- _Task directions_: In the listing below, find the line containing "Xbox one S|کنسول،" and the line containing "Bed & Breakfast". Repeat exactly those two lines and every line between them.

- _Source information_:
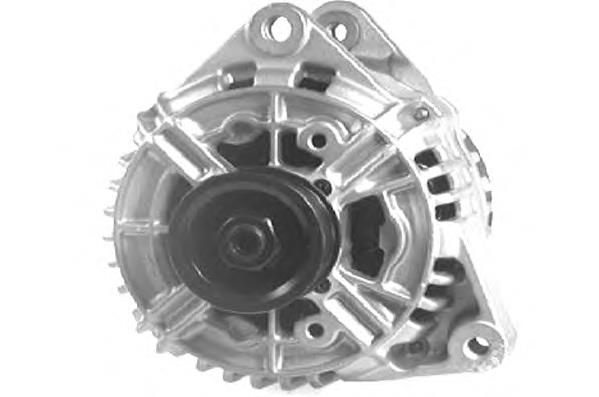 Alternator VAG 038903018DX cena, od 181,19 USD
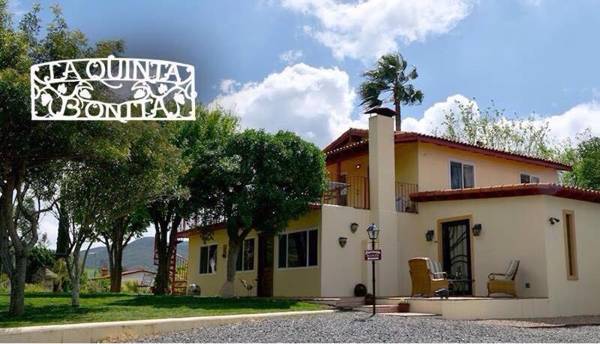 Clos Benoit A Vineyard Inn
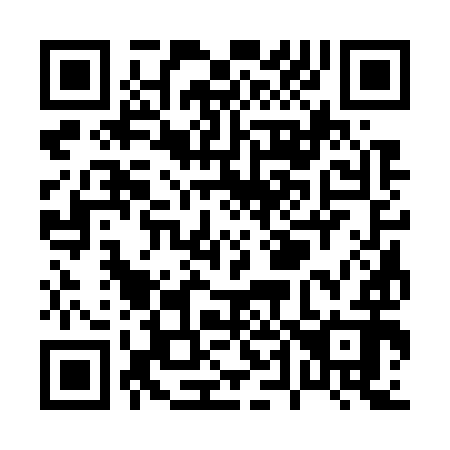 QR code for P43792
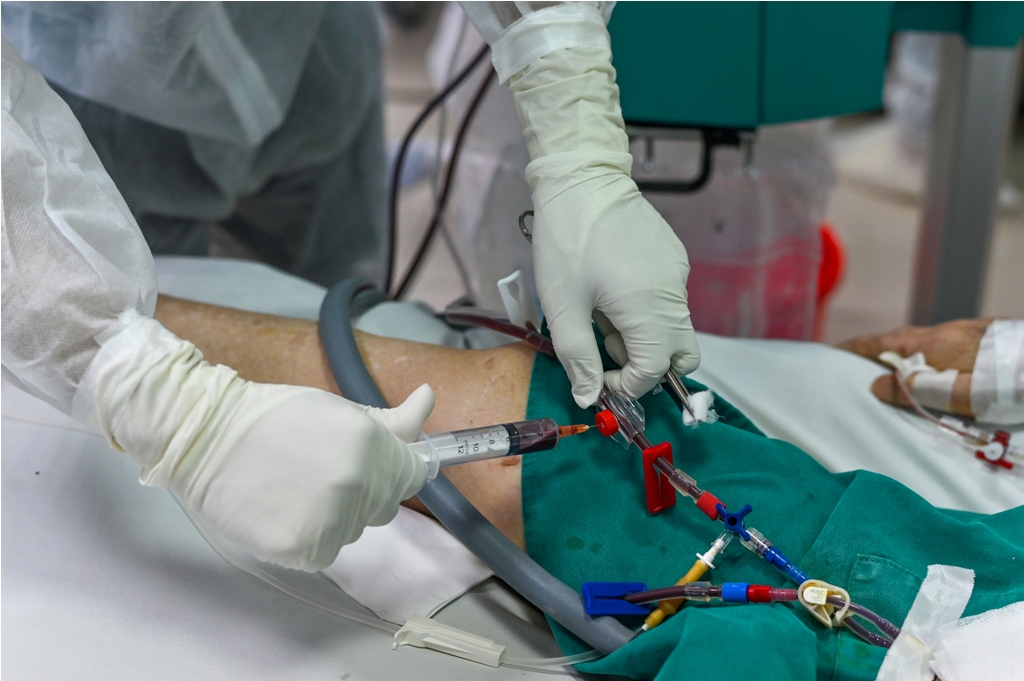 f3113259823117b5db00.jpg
==
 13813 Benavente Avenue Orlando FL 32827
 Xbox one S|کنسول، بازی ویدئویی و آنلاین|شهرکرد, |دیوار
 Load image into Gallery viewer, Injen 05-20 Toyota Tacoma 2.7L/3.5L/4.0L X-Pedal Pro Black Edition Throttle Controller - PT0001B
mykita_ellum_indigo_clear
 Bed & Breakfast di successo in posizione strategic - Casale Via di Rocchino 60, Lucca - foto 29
---
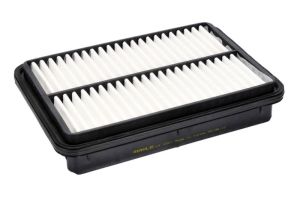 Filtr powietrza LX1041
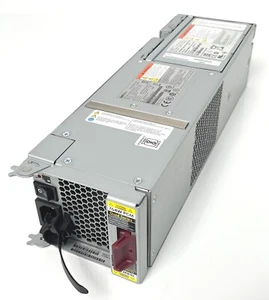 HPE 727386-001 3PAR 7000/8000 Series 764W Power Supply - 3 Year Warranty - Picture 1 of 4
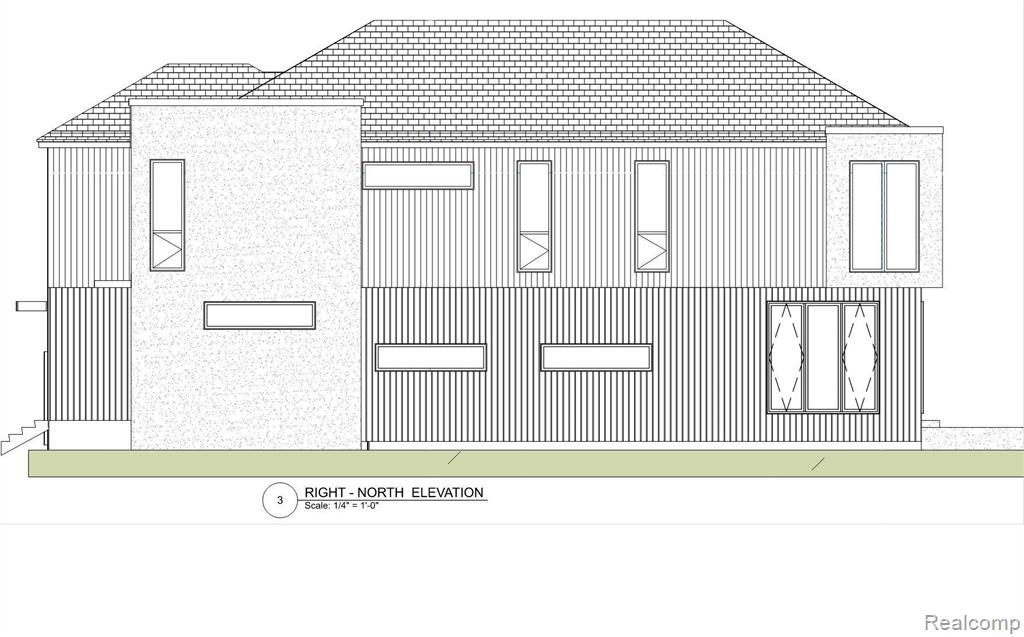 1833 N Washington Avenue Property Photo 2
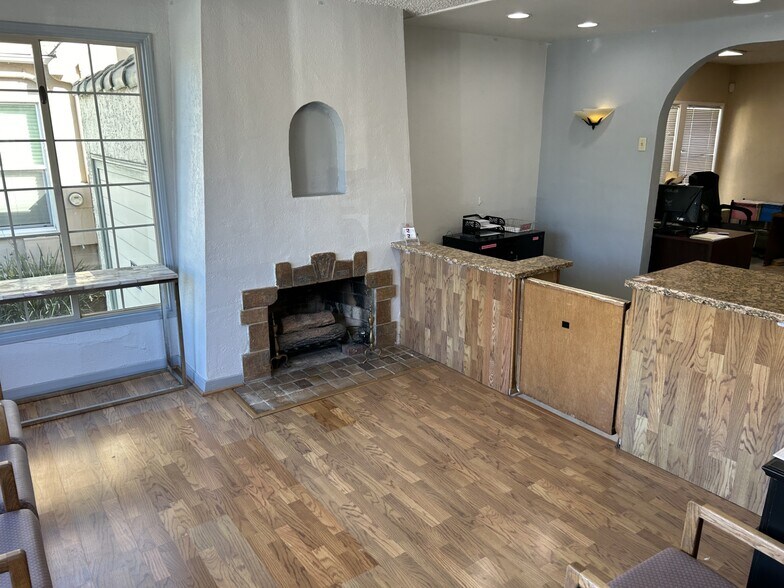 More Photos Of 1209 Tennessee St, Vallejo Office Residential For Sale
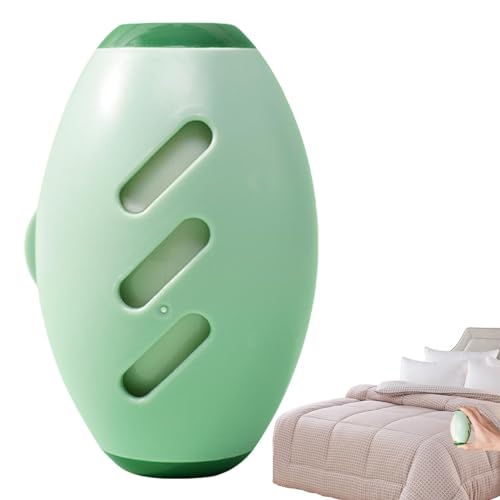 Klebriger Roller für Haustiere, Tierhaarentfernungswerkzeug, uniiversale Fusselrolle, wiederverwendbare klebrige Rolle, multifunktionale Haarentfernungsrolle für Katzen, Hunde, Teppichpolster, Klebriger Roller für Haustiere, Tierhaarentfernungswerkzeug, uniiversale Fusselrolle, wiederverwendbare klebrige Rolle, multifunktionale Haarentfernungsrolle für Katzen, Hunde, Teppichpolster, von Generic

- _Exercise result_:
 Xbox one S|کنسول، بازی ویدئویی و آنلاین|شهرکرد, |دیوار
 Load image into Gallery viewer, Injen 05-20 Toyota Tacoma 2.7L/3.5L/4.0L X-Pedal Pro Black Edition Throttle Controller - PT0001B
mykita_ellum_indigo_clear
 Bed & Breakfast di successo in posizione strategic - Casale Via di Rocchino 60, Lucca - foto 29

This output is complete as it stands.